Cliniquement les manifestations neurologiques centrales (MNC) étaient nettement prédominantes à 93,75%. Ce résultat était retrouvé par Séne [19] avec 68,8 % d’atteintes centrales dans sa cohorte. Les MNC ont révélé l’infection au VIH dans 69 % des cas. Berhe et al. ont aussi rapporté que la majorité des cas de MNC était inaugurale de l’infection par le VIH [5]. Le spectre des MNC accompagnant l’infection par le VIH est large. Les étiologies diffèrent en fonction de l’évolution de la maladie et du taux de CD4 [3,10]. Le taux moyen de CD4, chez nos patients, était de 227,18 avec un taux entre 100 et 200 chez 31,25 % des patients. Ce taux faible retrouvé par plusieurs études [21,18] montre que les manifestations neurologiques centrales surviennent le plus souvent à un stade d’immunodépression avancée.

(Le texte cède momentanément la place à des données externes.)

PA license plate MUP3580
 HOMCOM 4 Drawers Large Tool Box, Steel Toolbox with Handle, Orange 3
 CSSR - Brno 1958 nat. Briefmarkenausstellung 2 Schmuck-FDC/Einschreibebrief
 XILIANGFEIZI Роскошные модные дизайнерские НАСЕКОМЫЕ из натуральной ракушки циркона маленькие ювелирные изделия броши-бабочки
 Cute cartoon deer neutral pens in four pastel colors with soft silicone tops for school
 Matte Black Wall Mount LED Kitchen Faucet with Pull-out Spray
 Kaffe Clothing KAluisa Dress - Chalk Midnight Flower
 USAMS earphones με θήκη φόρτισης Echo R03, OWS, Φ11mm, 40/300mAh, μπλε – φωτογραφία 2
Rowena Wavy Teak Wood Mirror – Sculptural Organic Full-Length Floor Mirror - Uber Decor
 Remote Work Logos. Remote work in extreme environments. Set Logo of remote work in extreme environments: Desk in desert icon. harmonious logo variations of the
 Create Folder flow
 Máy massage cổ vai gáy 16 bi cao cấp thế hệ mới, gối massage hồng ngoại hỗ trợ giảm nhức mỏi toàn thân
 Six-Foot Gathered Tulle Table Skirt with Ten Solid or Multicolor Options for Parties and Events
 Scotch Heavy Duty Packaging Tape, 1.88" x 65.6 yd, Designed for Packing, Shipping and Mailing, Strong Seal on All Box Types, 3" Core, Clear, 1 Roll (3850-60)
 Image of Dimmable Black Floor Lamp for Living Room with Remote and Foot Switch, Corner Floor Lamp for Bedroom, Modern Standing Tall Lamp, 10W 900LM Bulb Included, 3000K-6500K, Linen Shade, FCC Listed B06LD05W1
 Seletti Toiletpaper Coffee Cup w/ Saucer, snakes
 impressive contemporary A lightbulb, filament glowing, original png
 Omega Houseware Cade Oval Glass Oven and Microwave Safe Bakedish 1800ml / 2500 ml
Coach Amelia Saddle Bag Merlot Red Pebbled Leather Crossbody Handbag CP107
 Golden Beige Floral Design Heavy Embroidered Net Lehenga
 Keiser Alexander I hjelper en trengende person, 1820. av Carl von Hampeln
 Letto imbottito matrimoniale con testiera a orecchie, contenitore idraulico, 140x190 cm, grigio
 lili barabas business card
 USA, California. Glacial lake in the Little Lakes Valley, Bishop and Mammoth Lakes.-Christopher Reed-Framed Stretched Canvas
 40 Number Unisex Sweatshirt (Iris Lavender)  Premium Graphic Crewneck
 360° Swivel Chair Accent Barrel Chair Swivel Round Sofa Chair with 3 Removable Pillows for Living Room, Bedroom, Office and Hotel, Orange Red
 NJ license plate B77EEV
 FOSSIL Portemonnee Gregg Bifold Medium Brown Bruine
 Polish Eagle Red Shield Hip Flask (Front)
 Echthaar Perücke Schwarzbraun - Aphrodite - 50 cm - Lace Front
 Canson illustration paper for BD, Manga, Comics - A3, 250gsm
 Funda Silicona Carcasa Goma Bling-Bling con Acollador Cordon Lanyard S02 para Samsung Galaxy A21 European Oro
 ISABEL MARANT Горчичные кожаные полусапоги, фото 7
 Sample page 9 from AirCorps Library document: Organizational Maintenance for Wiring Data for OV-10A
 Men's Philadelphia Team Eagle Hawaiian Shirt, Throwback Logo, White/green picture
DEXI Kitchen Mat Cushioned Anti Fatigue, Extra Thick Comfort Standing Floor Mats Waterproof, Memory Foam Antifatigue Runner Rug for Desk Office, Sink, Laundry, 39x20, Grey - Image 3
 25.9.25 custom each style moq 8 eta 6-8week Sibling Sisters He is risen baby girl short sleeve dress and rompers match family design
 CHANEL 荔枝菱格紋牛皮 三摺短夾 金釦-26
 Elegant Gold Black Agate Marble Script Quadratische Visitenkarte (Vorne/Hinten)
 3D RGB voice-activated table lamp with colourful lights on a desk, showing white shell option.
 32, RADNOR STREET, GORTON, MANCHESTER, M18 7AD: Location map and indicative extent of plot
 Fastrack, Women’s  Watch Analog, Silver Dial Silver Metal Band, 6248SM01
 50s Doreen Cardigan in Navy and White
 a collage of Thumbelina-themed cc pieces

L’imagerie cérébrale (TDM et IRM) permet un bilan exhaustif des lésions cérébrales, tout particulièrement en matière de lésions de la substance blanche en confrontation avec les données clinico-biologiques et notamment le taux de CD4, rendant ainsi plus facile le diagnostic étiologique d’une infection opportuniste cérébral chez le PVVIH. Ainsi dans notre cohorte, la toxoplasmose, l’une des infections opportunistes les plus fréquentes (25 %) a été diagnostiquée grâce au scanner cérébral. Plus du double de ce taux (54 %) a été rapporté par Apetse et coll. au Togo [2]. Ceci pourrait s’expliquer par la prévalence VIH un peu plus élevée au Togo qu’au Sénégal. L’étude du LCR a permis le diagnostic de la cryptococcose neuroméningée (CNM) qui est une urgence diagnostique. Ce diagnostic repose essentiellement sur l’examen du LCR après coloration par l’encre de Chine, la culture et la détection du polysaccharide capsulaire par agglutination de particules de Latex. La CNM, deuxième infection opportuniste curable au cours de l’infection par le VIH [11] et faisant partie de la définition CDC, a été retrouvée chez 6,25 % de nos patients, ce qui est relativement faible par rapport à certains pays de l’Afrique de l’Est où la prévalence du VIH est beaucoup plus élevée avec 12,7 % de CNM rapportés à Bujumbura [12]. De la même manière, l’étude du LCR a permis de poser le diagnostic d’encéphalite et de méningoencéphalite virales (EBV, VZV, HHV7) contrairement à la plupart des études africaines subsahariennes où ces virus n’ont pu être recherchés faute de moyens diagnostiques [2,22,16].

Les causes de décès sont dominées par les infections opportunistes et leurs complications dont la prise en charge pose un réel problème dans les pays en voie de développement. La létalité des affections neurologiques centrale lors de l’infection au VIH à la phase de SIDA est assez importante. Elle était de 43,75 % dans notre étude et était semblable au taux de Ganiem 41 % [8] et moins élevée que celui de Soumaré avec 63% [21] et Ouattara 78,6 % [17]. Une prise en charge précoce et rigoureuse est importante pour diminuer la létalité des complications neurologiques lors de l’infection au VIH.

Conclusion 

Les manifestations neurologiques sont fréquentes et variées au cours de l’infection par le VIH. Leur diagnostic peut parfois être aisé mais parfois il peut être compliqué dans un contexte de ressources limitées. Les affections opportunistes doivent être, jusqu’à preuve du contraire, considérées et justifiées d’un traitement adapté et bien codifié, devant toutes manifestations neurologiques lors du VIH.